Written by Markus Mostert
10th February 2017
Unemployment, poverty and inequality. There seems to be general consensus that these three words succinctly summarises the essence of the challenges faced, not only by South Africans, but by nations across the globe. While some people may think that they might escape the negative effects of growing inequality, there is evidence that high levels of inequality are bad for the rich and the poor, and everyone in between. It engenders social problems that make everyone’s lives less good than they otherwise could be. It demands massive social costs from a society with regard to health care and other social problems. Increasing inequality is not good for individuals or for societies as a whole.
In a world polarized by ideology, religious conflicts, and vast degrees of inequality, education is often proposed as the ultimate solution, least of all, due to its commitment to an “academic mode of thinking” – that stance of systematic scepticism that looks for evidence and formulates testable hypotheses. For John Daniels, former Vice-Chancellor of the UK Open University, this academic mode of thinking, which he contrasts with an “ideological mode of thinking”, is among the most precious assets of humankind. James Paul Gee describes this mode of thinking as one in which people argue their position based on both evidence and a moral vision, where they have confronted people and texts who disagree with them and for which they themselves have searched for disconfirming evidence. Gee hopes that people would have also gone beyond evidence to form a considered vision of life and the world based on wisdom from the past and the present, including wisdom from outside their own local comfort zone. In addition, an academic mode of thinking would require people to remain open and committed to a public forum in which they will deal respectfully with opposing but well-considered viewpoints, in the hope that new and better ideas may emerge out of the clash of the old ones. So defined, education is a force for equality in the sense of making everyone count, giving every member of society a valued life and enabling everyone to fully participate in and contribute to our society, to learn how to learn, and to adapt to changing times.

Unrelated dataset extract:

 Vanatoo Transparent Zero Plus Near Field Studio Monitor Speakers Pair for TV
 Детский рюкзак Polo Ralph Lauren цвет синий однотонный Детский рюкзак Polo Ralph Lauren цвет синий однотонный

Education, however, is not a quick-fix solution as the positive impact of education often only becomes visible after several generations. A child who goes to school might learn to read and write, for example. However, without any books or even magazines to read at home, and without parents who read with and for their children, this child would not have developed a social and emotional affiliation or affinity to reading, literacy or academic language, placing this child at a very high risk for failure in school. While more privileged parents tend to have sustained conversations with their children, poorer parents often do not, either because they are too busy with work or because they accept cultural norms that favour giving directions to children rather than having elaborate conversations with them. This situation may take generations to change.
In contrast, business has the potential to have a more direct positive impact on society, not least due to its ability to create employment through which the livelihoods of employees and their extended families are sustained. Although you do not have to be rich to do good, money can equally be a force for good. Business people can and does a great deal of good. Think Bill Gates. Think Richard Branson, who relates how the biggest charities in the world were started by rich men and women, even though some were begun with next to nothing. Harvard, the wealthiest college in America, is a charitable trust which started with a few books and just $ 350.
Closer to home. Given the vast level of unemployment in Grahamstown, reported to be between 70% and 80%, what can we as a business fraternity do to support the development of new business? One possibility is for businesses to become involved in supporting small businesses with investment, advice, mentorship and training, activities for which businesses can score “enterprise development” BEE points.
The Assumption Development Centre (ADC) in Joza, whom the GBF is proud to be associated with, presents businesspeople with an ideal opportunity to become involved, not by giving of their money, but through offering of their time. As part of their Socio-Economic Development Model, the ADC will be presenting a week-long entrepreneurship programme from 20 February onwards (offered by SocioNext and sponsored by the South African Breweries Foundation). The purpose of the entrepreneurship programme is to stimulate ideas for the development of small businesses in Joza and beyond. Thirty young people, all who have been selected from the ADC’s 2016 Thabiso Life Skills Programme, will participate in this course.
The success of this course is highly dependent on the availability of established business people to act as mentors for the budding entrepreneurs. While mentors will be provided with a course outline to get a feel of what is covered, mentors are invited to pay a visit to the Centre during the coursework section of course. The initial mentorship phase is envisaged to last for a period of 6 months, i.e. up to the end of August 2017, with a minimum of an hour per month of mentorship time expected.
Mentors are not required to tell participants what to do, but rather to coax them into thinking through their ideas by asking thought-provoking questions and challenging them to exceed their goals. In doing so, mentors would share their own experiences and help entrepreneurs uncover new opportunities. In addition, mentors may be able to assist the participants with networking opportunities by introducing them to potential business partners, suppliers or customers and prevent start-ups from repeating mistakes they have made earlier.
Interested business people who wish to become involved in mentoring are invited to contact Maso Nduna at firstname.lastname@example.org or call him on 079 038 9253 or 046 637 1147.
“What’s wrong with the world today?” was reportedly asked of famous authors by The Times newspaper. In response one author simply replied, “Dear Sir, I am. Yours, G.K. Chesterton”. Unemployment, poverty and inequality? “Dear Sir, I am”.